Hacisalihoglu Gokhan, Gustin Jeffery L, Louisma Jean, Armstrong Paul, Peter Gary F, Walker Alejandro R, Settles A Mark
Biology Department, Florida A&M University , Tallahassee, Florida 32307, United States.
Horticultural Sciences Department, University of Florida , Gainesville, Florida 32611, United States.
J Agric Food Chem. 2016 Feb 10;64(5):1079-86. doi: 10.1021/acs.jafc.5b05508. Epub 2016 Jan 28.
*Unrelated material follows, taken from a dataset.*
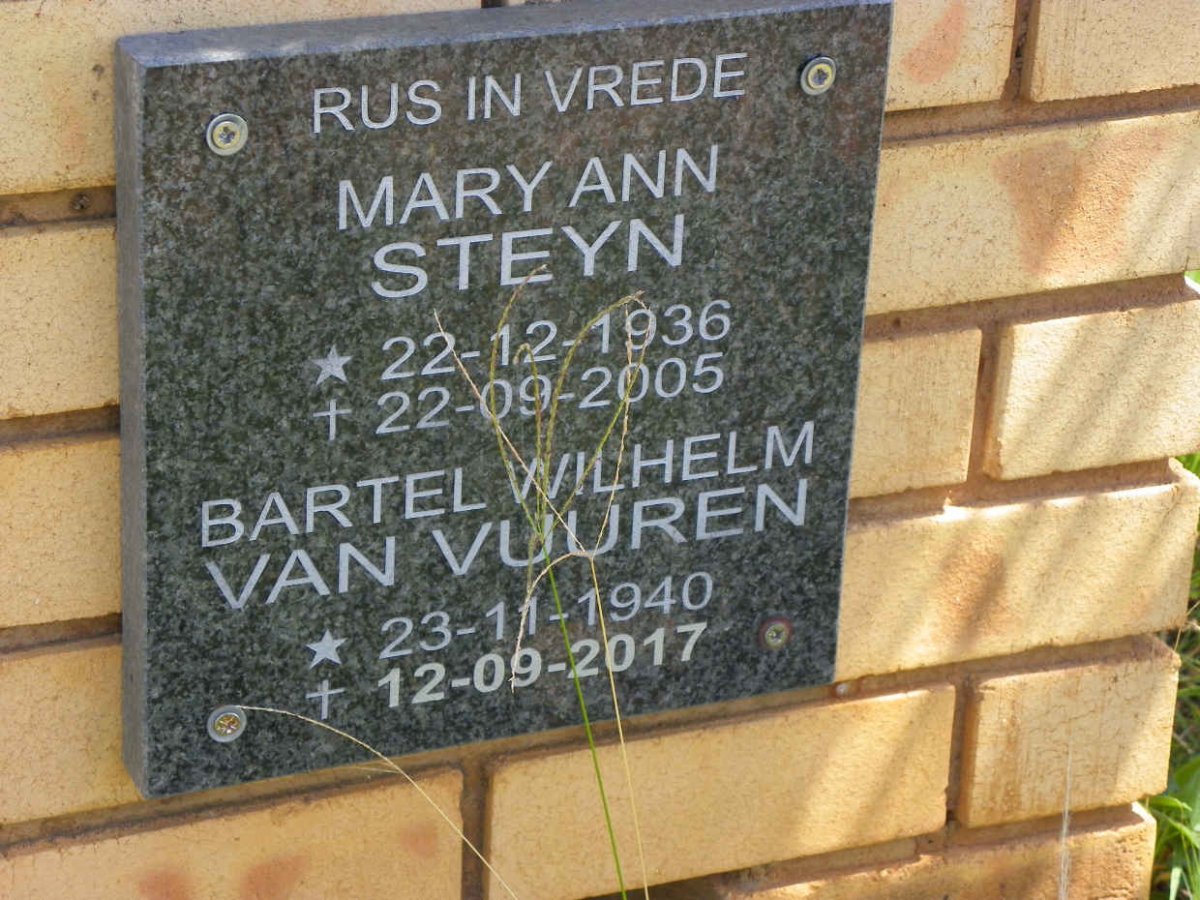 STEYN Mary Ann 1936-2005 :: VAN VUUREN Bartel Wilhelm 1940-2017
Single seed near-infrared reflectance (NIR) spectroscopy predicts soybean (Glycine max) seed quality traits of moisture, oil, and protein. We tested the accuracy of transferring calibrations between different single seed NIR analyzers of the same design by collecting NIR spectra and analytical trait data for globally diverse soybean germplasm. X-ray microcomputed tomography (μCT) was used to collect seed density and shape traits to enhance the number of soybean traits that can be predicted from single seed NIR. Partial least-squares (PLS) regression gave accurate predictive models for oil, weight, volume, protein, and maximal cross-sectional area of the seed. PLS models for width, length, and density were not predictive. Although principal component analysis (PCA) of the NIR spectra showed that black seed coat color had significant signal, excluding black seeds from the calibrations did not impact model accuracies. Calibrations for oil and protein developed in this study as well as earlier calibrations for a separate NIR analyzer of the same design were used to test the ability to transfer PLS regressions between platforms. PLS models built from data collected on one NIR analyzer had minimal differences in accuracy when applied to spectra collected from a sister device. Model transfer was more robust when spectra were trimmed from 910 to 1679 nm to 955-1635 nm due to divergence of edge wavelengths between the two devices. The ability to transfer calibrations between similar single seed NIR spectrometers facilitates broader adoption of this high-throughput, nondestructive, seed phenotyping technology.
单粒种子近红外反射光谱法可预测大豆(Glycine max)种子的水分、油分和蛋白质等品质性状。我们通过收集全球不同大豆种质的近红外光谱和分析性状数据,测试了在相同设计的不同单粒种子近红外分析仪之间转移校准的准确性。利用X射线显微计算机断层扫描(μCT)收集种子密度和形状性状,以增加可从单粒种子近红外预测的大豆性状数量。偏最小二乘(PLS)回归给出了种子油分、重量、体积、蛋白质和最大横截面积的准确预测模型。宽度、长度和密度的PLS模型没有预测能力。尽管近红外光谱的主成分分析(PCA)表明黑色种皮颜色有显著信号,但在校准中排除黑色种子并不影响模型准确性。本研究中开发的油分和蛋白质校准以及同一设计的另一台近红外分析仪的早期校准,用于测试在不同平台之间转移PLS回归的能力。从一台近红外分析仪收集的数据构建的PLS模型,应用于从姊妹设备收集的光谱时,准确性差异最小。由于两台设备边缘波长的差异,当光谱从910至1679 nm修剪为955 - 1635 nm时,模型转移更稳健。在相似的单粒种子近红外光谱仪之间转移校准的能力,有助于更广泛地采用这种高通量、无损的种子表型分析技术。